Gershon Gorenberg, writing in The American Prospect, went as far as to say that
the US president would be better off not coming to Israel at all unless he is
ready to “stick his hands into the messy work of Israeli-Palestinian diplomacy,”
otherwise “the trip does not even justify the Jerusalem traffic jams.”
We
share the sense of pressing need to solve the Palestinian- Israeli conflict. So
does Prime Minister Binyamin Netanyahu. Just two days after swearing in his
government, Netanyahu came out unequivocally in support of the two-state
solution. “Israel remains fully committed to peace and the solution of two
states for two peoples,” Netanyahu declared during a press conference with Obama
on Wednesday night, and added, “We extend our hands in peace and friendship to
the Palestinian people.”
However, we reject the idea that the US or any
other state can facilitate peace or that hostility in the region toward the US
is in any way connected to the Israeli- Palestinian conflict.
The
geopolitical earthquake that has swept the Middle East in the past two years has
uncovered the folly of the “linkage” claim.

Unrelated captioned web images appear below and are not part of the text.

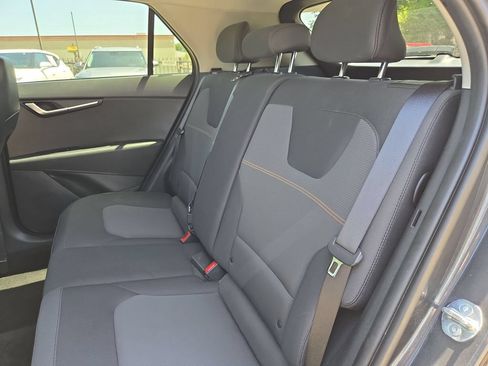 Used 2025 Kia Niro LX FWD image 27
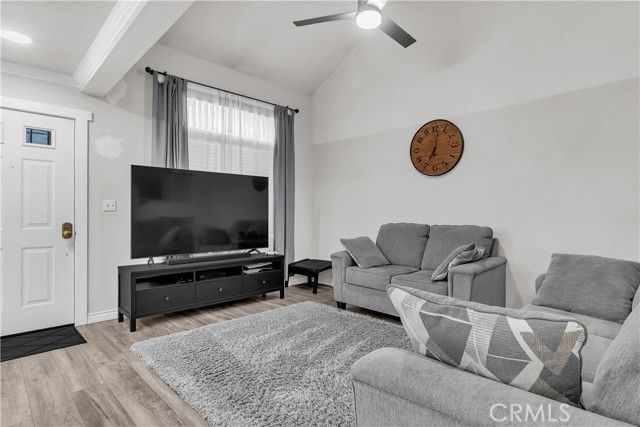 820 W Compton 20, Compton, CA 90220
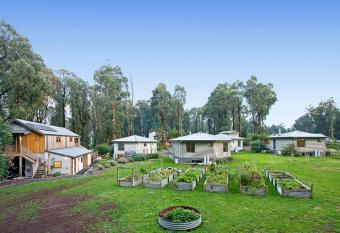 Karma Kinglake allows 18 year olds to book a room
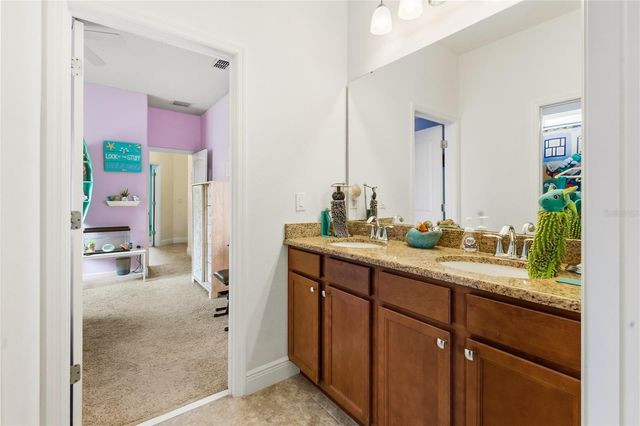 433 AMETHYST AVENUE, Auburndale, FL 33823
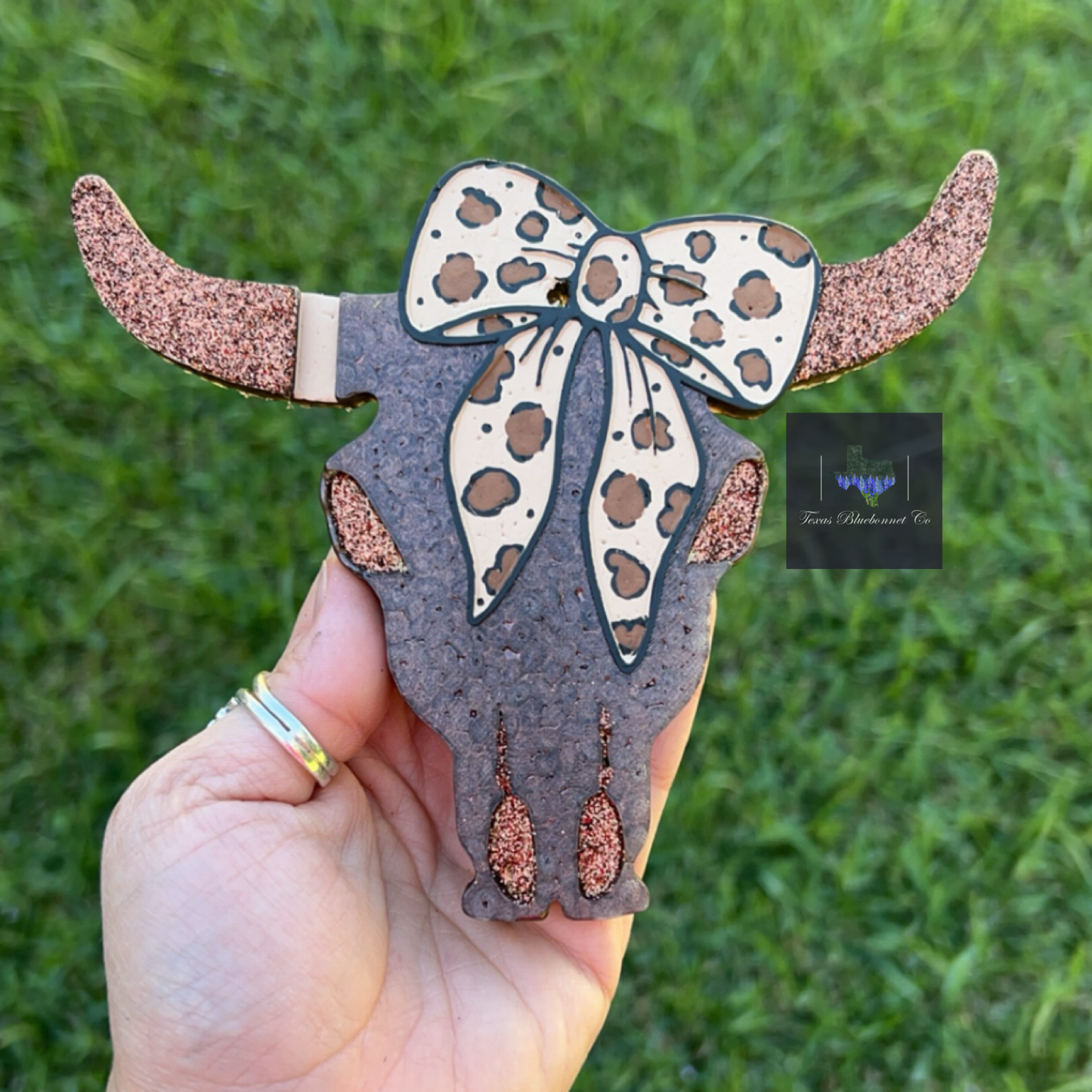 LARGE BULL SKULL W/ BOW (CHEETAH)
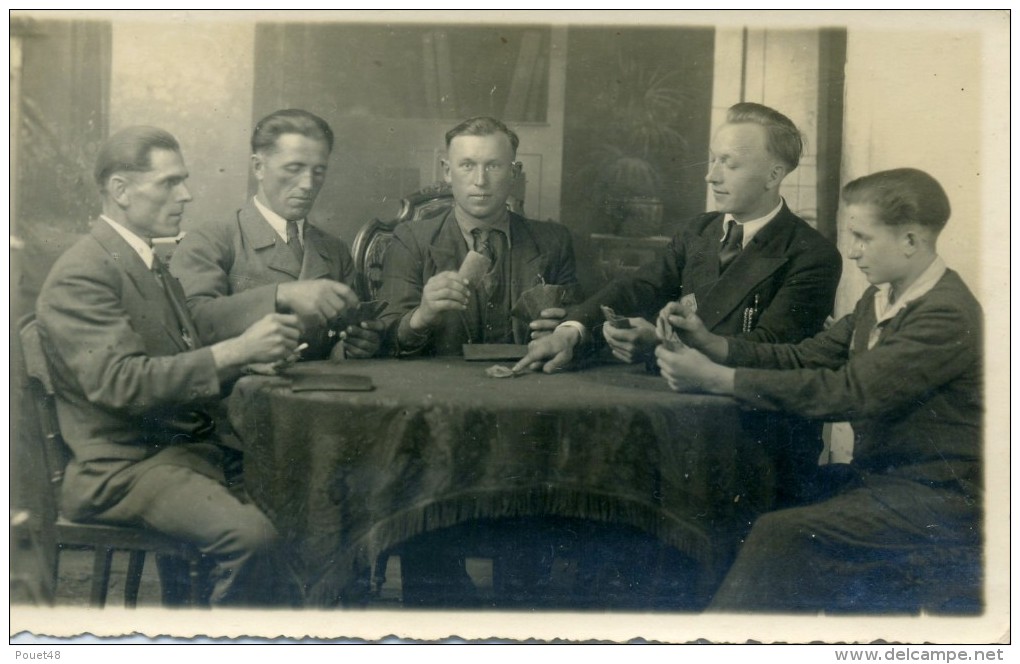 Groupe D'hommes Jouant Aux Cartes - Photo 13,5X8,5 - Playing Cards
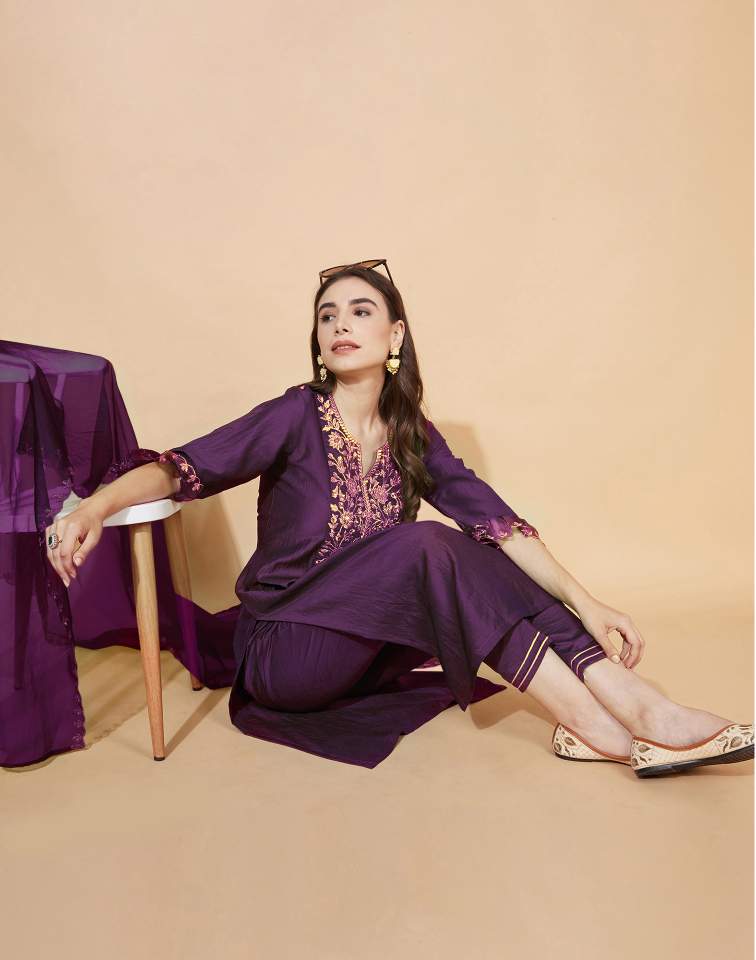 Wine Silk Plain V Neck 3/4 Sleeve Straight Kurta Set With Pant & Dupatta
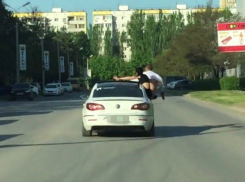 Веселые волгодонцы «с ветерком» прокатились на окне автомобиля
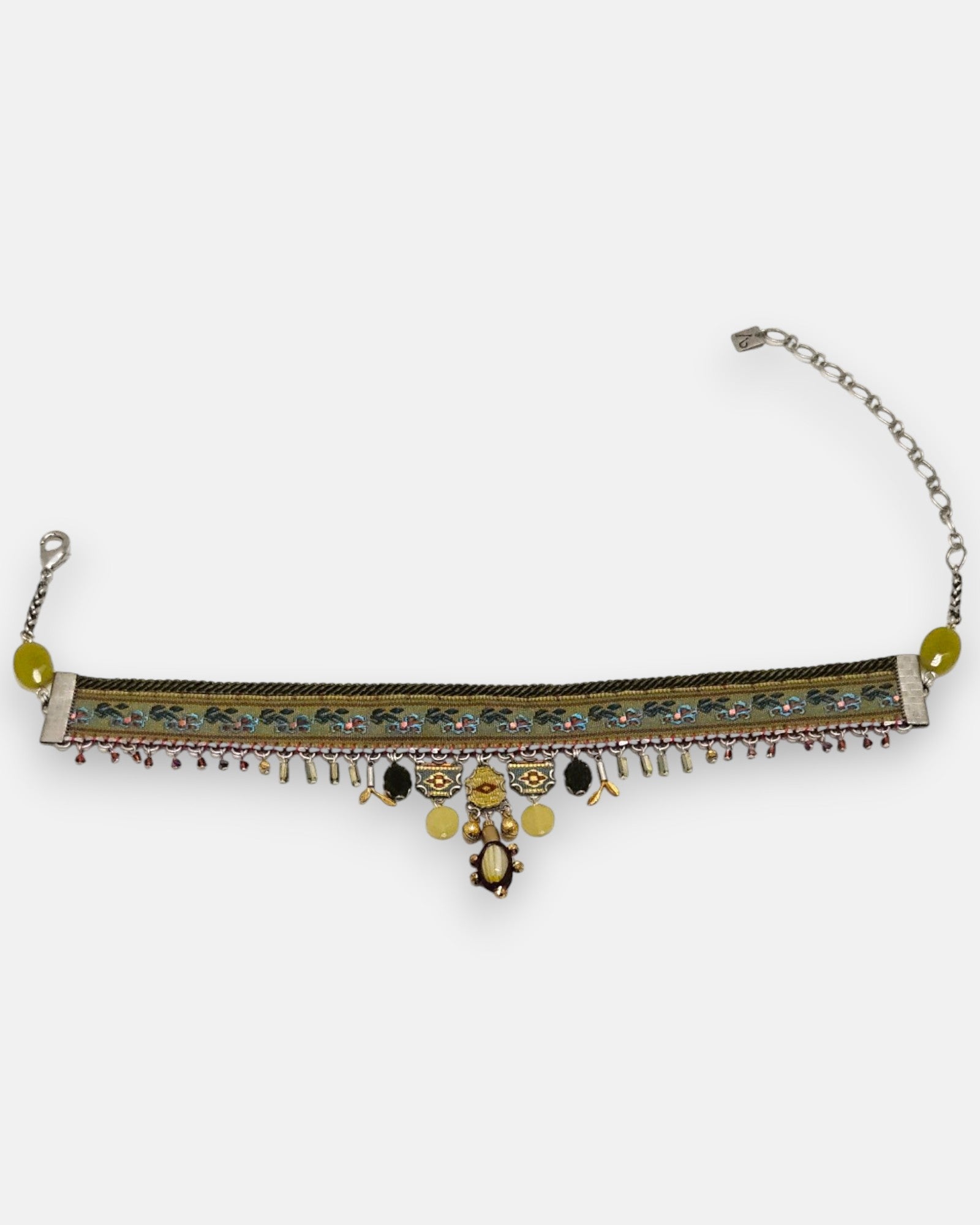 se aprecia el collar colgante completo, permitiendo observar la caída del motivo central y el diseño de la cadena metálica envejecida con cuentas decorativas intercaladas.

Peace with the Palestinians would
not have prevented the Muslim Brotherhood from coming to power in Egypt; it
would not have prevented the slaughter in Syria; it would not have discouraged
Iran from seeking hegemony in the Persian Gulf.
Nor has the US’s
continued support for Israel despite the unresolved conflict with the
Palestinians “eroded American’s support for Israel.” A Washington Post/ABC news
poll published on the eve of Obama’s visit shows that Americans sympathize more
with Israel than with the PA by a margin of 55 to 9 percent. Most interestingly,
an even more resounding majority thought the US ought not to be the prime mover
of the peace process, with 69% saying the decision should be left to the parties
while only 26% thought Washington should play a leading role.
Americans
understand that it is not their country’s support for Israel that triggers the
rabid hatred of America felt by so many citizens of Muslim states. Rather, it is
what America stands for – freedom, liberty, tolerance, democracy – that is
viewed by popular movements such as the Muslim Brotherhood, with its reactionary
worldview of restoring the caliphate and Shari’a, as the real threat to the
region and to Muslim sensibilities.
Israel shares America’s democratic
values and its belief in freedom, which explains the strong ties between the two
countries.
As Obama noted in his speech on arrival, the US stands so
firmly with the State of Israel because “we share a common story – patriots
determined to be a free people in our land,” and because “as noisy and messy as
it may be, we [Israel and the US] know that democracy is the greatest form of
government every devised by man.”
If enough Palestinians shared these
ideals of freedom and democracy, peace would have been achieved long ago. But in
their last elections in 2006, Palestinians chose Hamas. And recent polls have
shown that Hamas leader Ismail Haniyeh would win a presidential race if it was
held today against PA President Mahmoud Abbas.
Washington’s Herculean
attempts in recent years to end the Israeli-Palestinian conflict emanate from a
desire to see both Israelis and Palestinians flourish in free, democratic states
of their own. The vast majority of Israelis share that dream. Unfortunately, the
majority of Palestinians still do not. A majority of Americans and their
president are increasingly recognizing this sad fact. Others have yet to
do so.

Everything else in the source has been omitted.